Course Title and Code
Fundamentals of Semiconductor Devices (EE5510)
Course Credit
3-0-0-3 (Lecture-Tutorial-Practical-Total Credits)
Category
ERC
Prerequisites
None
Course Content
| Sl. No. | Topic | Lecture (hours) |
|---|---|---|
| Module I | Physics of Semiconductors | |
| 1 | Introduction: Geometry of periodic crystals, review of classification of crystals, Miller indices | 2 |
| 2 | Equilibrium carrier concentration: Thermal equilibrium, intrinsic and extrinsic semiconductors, Schrodinger equation, Kronig-Penney model, Bloch’s theorem, k-space concepts, density of states, Fermi-Dirac statistics, doping concepts. | 12 |
| 3 | Recombination-generation of carriers and carrier transport: Recombination mechanisms, mobility, drift, diffusion. | 5 |
| Module II | Analysis of Semiconductor Devices | |
| 1 | Semiconductor equations: Transport, continuity and Poisson equations. | 3 |
| 2 | p-n and metal-semiconductor junctions: Band diagram, I-V characteristics, Zener tunneling, DC and small-signal characteristics. | 8 |
| 3 | Metal-oxide-semiconductor (MOS) junction: Electrostatics, flatband voltage, threshold voltage, influence of fixed and interface trap charges. | 6 |
| 4 | MOS field-effect transistors (MOSFETs): Physics, square-law theory, I-V characteristics, short-channel effects. | 4 |
| 5 | Optoelectronic devices: Analysis of LEDs, photodetectors, solar cells. | 2 |
Total: 42 hours
Learning Objectives
This is an introductory graduate course on the fundamentals of semiconductor devices.
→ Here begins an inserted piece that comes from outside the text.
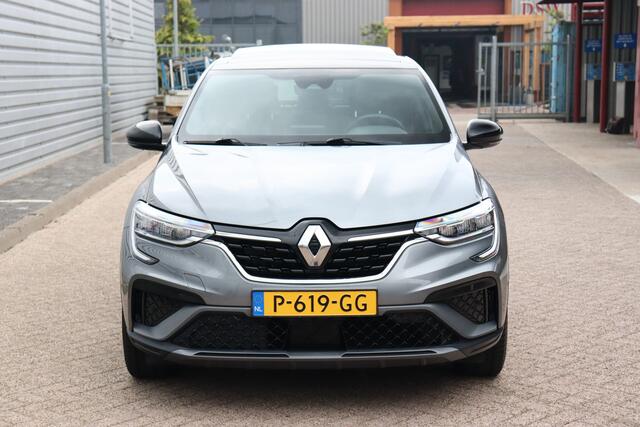 Renault Arkana 1.6 E-Tech Hybrid 145 R.S. Line O.a: Stoelverw, Pano, ACC, Clima, Navi, PDC, Camera, Etc. All-in prijs!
In the first part of the course, students are introduced to concepts in solid-state physics and the semiconductor equations. In the second part, students will apply these concepts to study different devices.
Learning Outcomes
- A fundamental understanding of factors influencing carrier concentration in semiconductors.
- Understanding of the influence of materials and device design on device performance.
- Ability to apply mathematical techniques to compute device parameters and use simulators.
- Experience in electrical characterization using a semiconductor parameter analyser and DC probe station.
Teaching Methodology
Classroom lectures
Assessment Methods
Written examinations/quiz, continuous assessment
Textbooks
- Semiconductor Device Fundamentals by R. F. Pierret, Pearson, 2nd edition, ISBN-10: 0201543931, ISBN-13: 978-0201543933.
- Solid State Electronic Devices by B. G. Streetman and S. Banerjee, Pearson Education India, 7th edition, 2015, ISBN-10: 9332555087, ISBN-13: 978-9332555082.
- Advanced Semiconductor Fundamentals by R. F. Pierret, Pearson, 2nd edition, ISBN-10: 013061792X, ISBN-13: 978-0130617927.
- Physics of Semiconductor Devices by S. M. Sze and K. K. Ng, Wiley-Interscience, 3rd edition, ISBN 978-0-471-14323-9.
References
- Operation and Modeling of the MOS Transistor by Y. Tsividis, The Oxford Series in Electrical and Computer Engineering, ISBN-13: 978-0195170153.
- Fundamentals of Modern VLSI Devices by Y. Taur and T. H. Ning, Cambridge University Press, ISBN-13: 9780511601538.
- Introduction to Solid State Physics by C. Kittel, Wiley, 8th edition, ISBN-10: 9788126535187.